= John Bresee =

John Stuart Bresee (February 21, 1966 – June 29, 2019) was a Utah-based entrepreneur and co-founder of Backcountry.com, as well as a writer, editor, and entrepreneur coach.

==Early life and education==
Bresee was raised in Vermont, one of five children; his obituary described his parents as having left a more conventional upper-class upbringing in New York and Virginia to raise their family on a rural property in Vermont. After high school he spent a year at the Sterling School in Vermont before graduating from Johnson State College (now Northern Vermont University). He was a competitive freestyle skier in the ballet skiing discipline and taught skiing at Stowe Mountain Resort in Vermont before moving to Alta and then Salt Lake City, Utah.

==Career==

=== Business ===
While working at Snowbird Resort, Bresee and Jim Holland sought to lease retail space from the resort to open an avalanche-gear store; after resort owner Les Otten declined, the pair launched the business online instead, co-founding Backcountry.com in 1996, one of the first internet-based outdoor gear retailers, while living in Park City, Utah. Bresee later served as president of Backcountry.com before Liberty Media and John C. Malone acquired the company in 2007. When Jill Layfield was promoted to Backcountry.com CEO in February 2011 and Holland became executive chairman, Bresee moved into an advisory role with the company.

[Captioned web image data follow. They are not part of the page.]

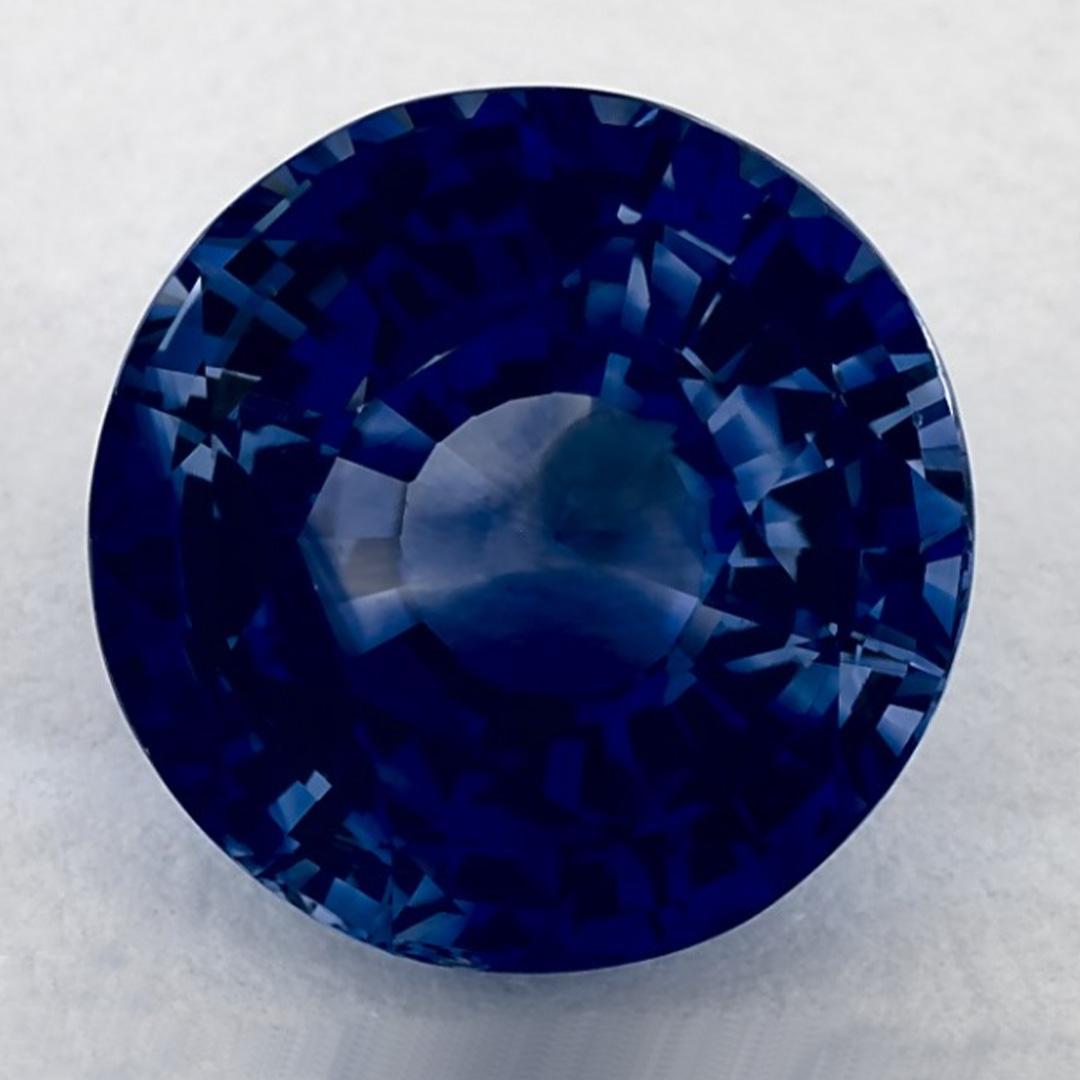 Ein sehr wertvoller September-Geburtsstein mit einer bezaubernden blauen Farbe. Man glaubt, dass sie dem Leben Glück und Reichtum bringen.

Entdecken Sie die lebendige Kollektion von Smaragden, Rubinen und Saphiren in unserem Geschäft, die als lose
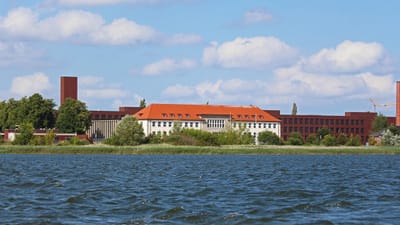 île de riems, institut, friedrich-loeffler-institut, institution de recherche, greifswalder bodden, infektionsmedizin, médicament, paysage, la nature, l'eau, imeuble, paradis, greifswald, sciences naturelles, architecture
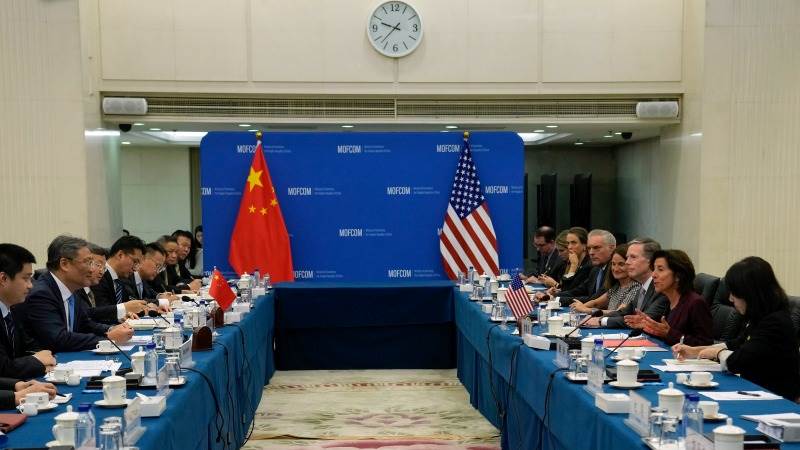 Raimondo, Wang talk US-China economic relations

He was also director of e-commerce for Cellmania, a Silicon Valley mobile-commerce infrastructure company funded by Motorola, which he joined a few years after his time at Powder. Cellmania was acquired by Research in Motion (now Blackberry) in 2010.

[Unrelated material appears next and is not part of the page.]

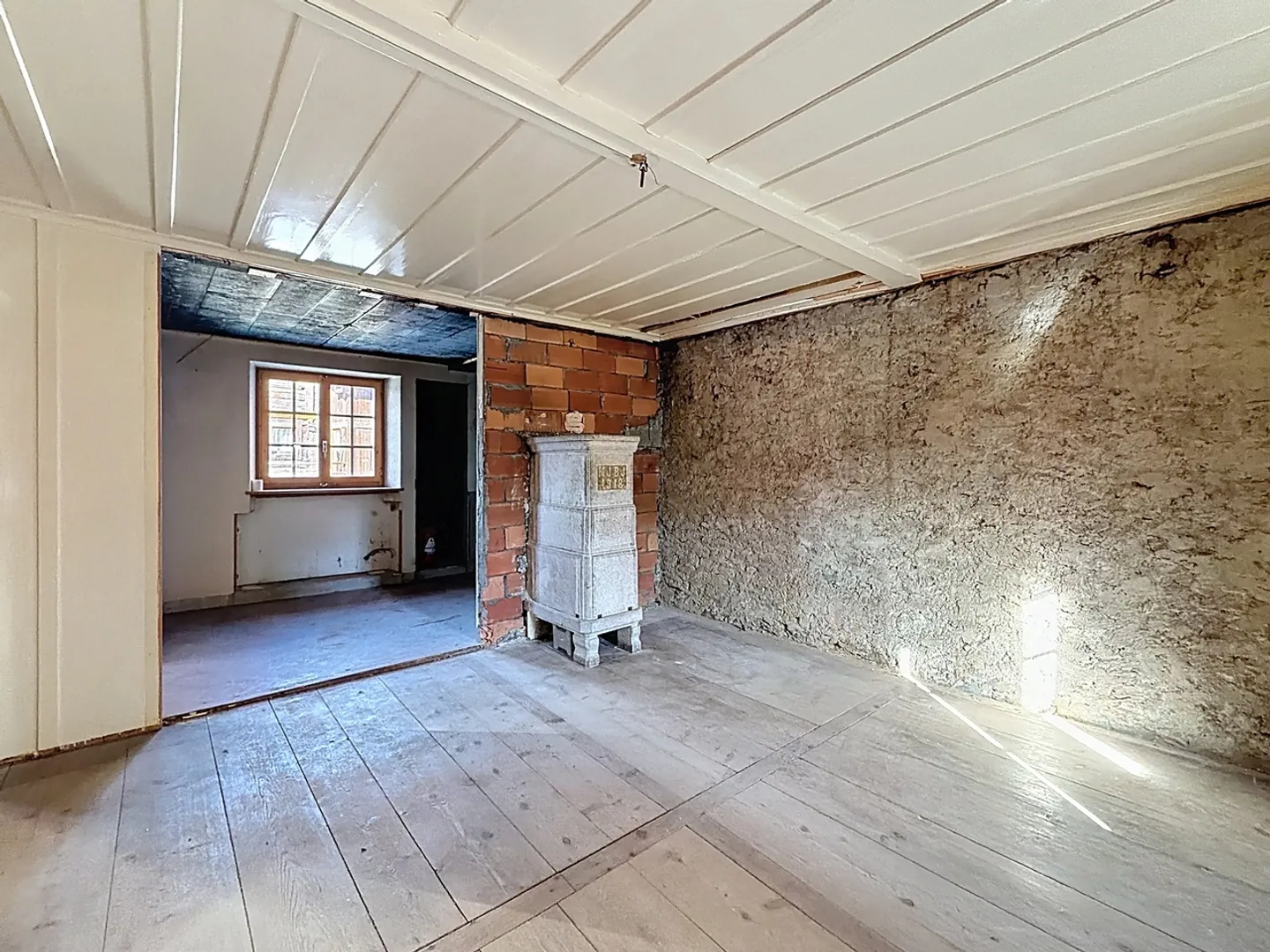 Chalet to renovate – The soul of an alpine barn in Sarreyer - Photo 9 of 15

Bresee had previously registered the domain name backcountryaccess.com; he later gave it to Bruce Edgerly and Bruce McGowan, co-founders of the avalanche-safety company Backcountry Access, in exchange for a snow shovel.

=== Writer and editor ===
Bresee founded The Wasatch Canyon Reporter, a Wasatch Range skiing newsletter, while working at Snowbird Resort. He later served as editor of Powder Magazine from 1998 to 1999. Additionally, his work has appeared in Skiing, Outside, Newsweek, and Gravity.

== Personal life ==
Bresee had two children. He died in his sleep on June 29, 2019, of a suspected diabetic cardiac arrest following a 180-mile motocross ride across the Utah desert the previous day.